Race to Lead Japan May Turn on Asia Ties
With Prime Minister Junichiro Koizumi set to retire in September, the battle in the governing Liberal Democratic Party over who will succeed him as party leader and prime minister is well under way. So far, the race is turning into a referendum on what to do about Japan's troubled relations with its Asian neighbors, especially China.
Japan's relations with China and South Korea have chilled, particularly in the last year, because of several disputes over history, territory and Mr. Koizumi's visits to the Yasukuni Shrine, the memorial where the country's highest-ranking war criminals are enshrined.
Polls here indicate the race is now between politicians with starkly different views: Shinzo Abe, 51, the chief cabinet secretary, who has said that a Japanese prime minister should visit the Yasukuni Shrine and who has become extremely popular by being tough on North Korea and China; and Yasuo Fukuda, 69, a former chief cabinet secretary, who has criticized Mr.
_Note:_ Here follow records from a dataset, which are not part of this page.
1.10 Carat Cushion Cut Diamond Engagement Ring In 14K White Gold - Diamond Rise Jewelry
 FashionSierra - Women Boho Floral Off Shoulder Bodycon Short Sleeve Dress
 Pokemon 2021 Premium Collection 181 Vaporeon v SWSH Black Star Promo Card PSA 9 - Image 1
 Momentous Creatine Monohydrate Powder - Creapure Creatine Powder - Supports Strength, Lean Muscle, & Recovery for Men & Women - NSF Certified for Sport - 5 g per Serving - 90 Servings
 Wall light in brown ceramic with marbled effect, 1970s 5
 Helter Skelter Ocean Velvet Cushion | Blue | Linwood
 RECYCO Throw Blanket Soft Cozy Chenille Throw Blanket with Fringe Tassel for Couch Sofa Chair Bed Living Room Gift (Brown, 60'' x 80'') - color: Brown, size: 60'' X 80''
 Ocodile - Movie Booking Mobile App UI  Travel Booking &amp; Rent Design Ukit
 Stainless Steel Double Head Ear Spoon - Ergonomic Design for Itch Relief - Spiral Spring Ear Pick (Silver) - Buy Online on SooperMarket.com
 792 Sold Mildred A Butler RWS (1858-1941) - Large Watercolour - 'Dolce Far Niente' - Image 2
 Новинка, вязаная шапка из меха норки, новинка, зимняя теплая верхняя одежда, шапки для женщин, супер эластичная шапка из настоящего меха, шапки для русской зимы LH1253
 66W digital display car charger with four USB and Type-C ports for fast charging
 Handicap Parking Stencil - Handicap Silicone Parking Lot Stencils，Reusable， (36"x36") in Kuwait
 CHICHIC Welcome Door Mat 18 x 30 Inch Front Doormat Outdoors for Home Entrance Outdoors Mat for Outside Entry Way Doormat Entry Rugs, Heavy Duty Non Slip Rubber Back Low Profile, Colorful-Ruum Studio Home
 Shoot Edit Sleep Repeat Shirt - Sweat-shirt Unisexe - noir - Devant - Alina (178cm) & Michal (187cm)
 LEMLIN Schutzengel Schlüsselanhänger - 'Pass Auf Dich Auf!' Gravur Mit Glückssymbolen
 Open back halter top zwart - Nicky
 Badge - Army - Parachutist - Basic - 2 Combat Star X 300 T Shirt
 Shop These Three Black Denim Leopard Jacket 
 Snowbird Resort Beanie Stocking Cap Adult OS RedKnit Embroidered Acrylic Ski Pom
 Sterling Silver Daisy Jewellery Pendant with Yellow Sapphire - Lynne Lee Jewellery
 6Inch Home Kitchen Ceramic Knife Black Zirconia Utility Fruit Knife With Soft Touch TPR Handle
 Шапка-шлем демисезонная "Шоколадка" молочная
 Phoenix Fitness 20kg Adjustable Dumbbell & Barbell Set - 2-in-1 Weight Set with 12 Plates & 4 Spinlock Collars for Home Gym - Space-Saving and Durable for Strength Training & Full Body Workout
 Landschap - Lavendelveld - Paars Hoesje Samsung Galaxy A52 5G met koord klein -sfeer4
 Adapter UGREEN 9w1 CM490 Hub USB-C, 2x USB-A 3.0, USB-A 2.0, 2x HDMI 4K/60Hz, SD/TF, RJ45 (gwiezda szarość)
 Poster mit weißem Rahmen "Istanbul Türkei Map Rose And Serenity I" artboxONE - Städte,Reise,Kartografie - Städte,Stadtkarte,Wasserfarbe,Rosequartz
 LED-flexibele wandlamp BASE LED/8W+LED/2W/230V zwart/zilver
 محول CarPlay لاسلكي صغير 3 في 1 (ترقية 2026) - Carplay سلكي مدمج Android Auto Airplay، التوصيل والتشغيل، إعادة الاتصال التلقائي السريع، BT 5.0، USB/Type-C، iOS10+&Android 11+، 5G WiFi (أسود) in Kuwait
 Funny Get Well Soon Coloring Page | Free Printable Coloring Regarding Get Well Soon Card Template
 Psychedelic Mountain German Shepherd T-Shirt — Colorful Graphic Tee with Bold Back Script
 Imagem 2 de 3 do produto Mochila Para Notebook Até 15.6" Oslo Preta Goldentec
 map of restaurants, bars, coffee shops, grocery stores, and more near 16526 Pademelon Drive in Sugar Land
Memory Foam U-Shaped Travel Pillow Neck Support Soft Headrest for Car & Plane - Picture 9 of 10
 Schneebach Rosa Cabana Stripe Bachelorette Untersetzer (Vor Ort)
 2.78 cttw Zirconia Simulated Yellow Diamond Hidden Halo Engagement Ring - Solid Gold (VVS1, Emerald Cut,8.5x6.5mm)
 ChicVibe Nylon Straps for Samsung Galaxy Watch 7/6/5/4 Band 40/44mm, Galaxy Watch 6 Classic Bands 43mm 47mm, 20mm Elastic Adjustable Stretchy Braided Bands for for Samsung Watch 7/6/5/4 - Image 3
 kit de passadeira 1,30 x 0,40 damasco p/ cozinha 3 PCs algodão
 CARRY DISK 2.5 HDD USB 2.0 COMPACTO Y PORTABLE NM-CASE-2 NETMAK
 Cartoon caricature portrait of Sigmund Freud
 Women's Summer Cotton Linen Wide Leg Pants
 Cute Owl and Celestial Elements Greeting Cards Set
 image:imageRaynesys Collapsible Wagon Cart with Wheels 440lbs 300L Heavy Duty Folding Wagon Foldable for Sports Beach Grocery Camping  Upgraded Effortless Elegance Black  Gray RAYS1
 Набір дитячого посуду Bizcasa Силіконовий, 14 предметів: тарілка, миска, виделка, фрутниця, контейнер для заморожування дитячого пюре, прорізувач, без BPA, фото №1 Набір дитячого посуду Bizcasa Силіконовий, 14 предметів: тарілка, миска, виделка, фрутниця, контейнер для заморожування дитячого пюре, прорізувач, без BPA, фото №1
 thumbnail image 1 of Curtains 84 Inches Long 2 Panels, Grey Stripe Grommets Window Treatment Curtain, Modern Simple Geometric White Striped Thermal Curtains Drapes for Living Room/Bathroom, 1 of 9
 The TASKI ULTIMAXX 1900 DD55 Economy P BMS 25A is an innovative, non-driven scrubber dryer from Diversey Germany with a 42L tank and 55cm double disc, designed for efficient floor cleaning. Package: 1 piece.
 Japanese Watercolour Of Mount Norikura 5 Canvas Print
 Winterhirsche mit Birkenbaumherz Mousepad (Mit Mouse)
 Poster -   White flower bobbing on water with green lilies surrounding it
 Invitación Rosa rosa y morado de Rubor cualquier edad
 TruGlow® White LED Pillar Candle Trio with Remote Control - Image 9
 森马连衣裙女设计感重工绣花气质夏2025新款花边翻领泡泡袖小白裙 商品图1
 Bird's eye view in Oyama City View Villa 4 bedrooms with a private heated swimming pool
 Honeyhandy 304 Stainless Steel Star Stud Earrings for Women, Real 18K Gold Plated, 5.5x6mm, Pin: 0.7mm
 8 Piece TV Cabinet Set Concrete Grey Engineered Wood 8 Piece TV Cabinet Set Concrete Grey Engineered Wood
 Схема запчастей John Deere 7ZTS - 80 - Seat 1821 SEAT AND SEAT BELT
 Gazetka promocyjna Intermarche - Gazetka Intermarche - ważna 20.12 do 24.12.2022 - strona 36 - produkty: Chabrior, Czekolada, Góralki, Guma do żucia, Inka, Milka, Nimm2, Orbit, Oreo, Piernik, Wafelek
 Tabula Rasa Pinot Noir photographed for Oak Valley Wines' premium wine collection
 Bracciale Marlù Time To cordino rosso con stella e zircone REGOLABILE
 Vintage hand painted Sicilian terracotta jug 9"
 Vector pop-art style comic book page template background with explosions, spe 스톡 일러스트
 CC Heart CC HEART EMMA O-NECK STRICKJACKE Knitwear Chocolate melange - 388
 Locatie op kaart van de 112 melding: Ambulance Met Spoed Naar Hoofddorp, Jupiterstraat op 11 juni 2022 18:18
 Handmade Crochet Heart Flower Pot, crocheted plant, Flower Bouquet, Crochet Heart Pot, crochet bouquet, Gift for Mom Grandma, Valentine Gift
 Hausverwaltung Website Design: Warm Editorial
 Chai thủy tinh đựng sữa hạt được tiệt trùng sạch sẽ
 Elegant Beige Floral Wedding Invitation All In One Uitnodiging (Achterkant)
Koizumi's visits to the Shinto shrine and talked of rebuilding friendly ties with the rest of East Asia.
Although neither has yet declared his candidacy for the September party election, Mr. Abe leads in the polls. Mr. Fukuda has narrowed the gap significantly in recent weeks, however, buttressed by what experts say is the growing public sentiment that fixing ties with China should be one of the next prime minister's top priorities.